- _THE PROBLEM_
Only the lines from the top of the listing below through the line containing "<b>BJJ</b> MMA Rash" should be output, exactly and with no pictures.
*** Opening DATA PROVIDED ***
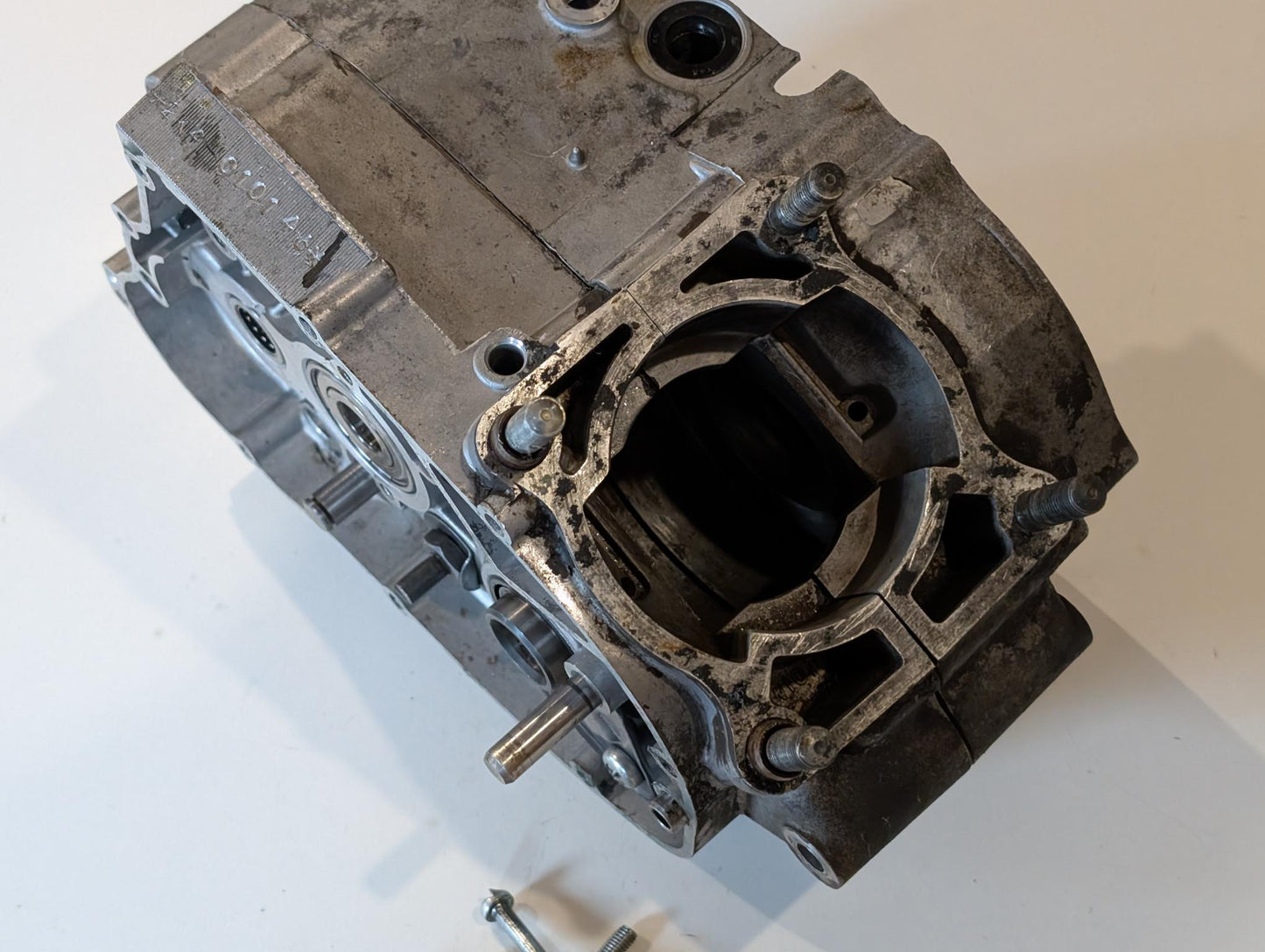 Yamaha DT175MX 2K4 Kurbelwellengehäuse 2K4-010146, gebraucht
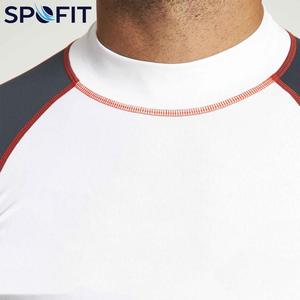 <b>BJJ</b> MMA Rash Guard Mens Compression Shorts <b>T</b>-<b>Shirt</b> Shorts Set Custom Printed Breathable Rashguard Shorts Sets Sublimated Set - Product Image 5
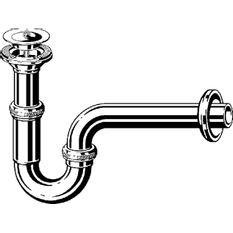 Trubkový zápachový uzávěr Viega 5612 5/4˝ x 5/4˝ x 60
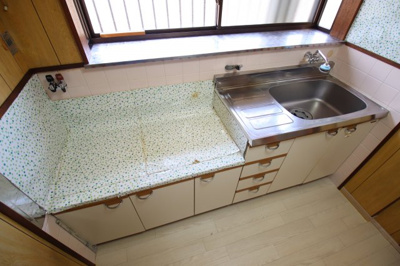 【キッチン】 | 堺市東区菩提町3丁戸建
*** Closing DATA PROVIDED ***
- _ANSWER TO THIS TASK_
 Yamaha DT175MX 2K4 Kurbelwellengehäuse 2K4-010146, gebraucht
 <b>BJJ</b> MMA Rash Guard Mens Compression Shorts <b>T</b>-<b>Shirt</b> Shorts Set Custom Printed Breathable Rashguard Shorts Sets Sublimated Set - Product Image 5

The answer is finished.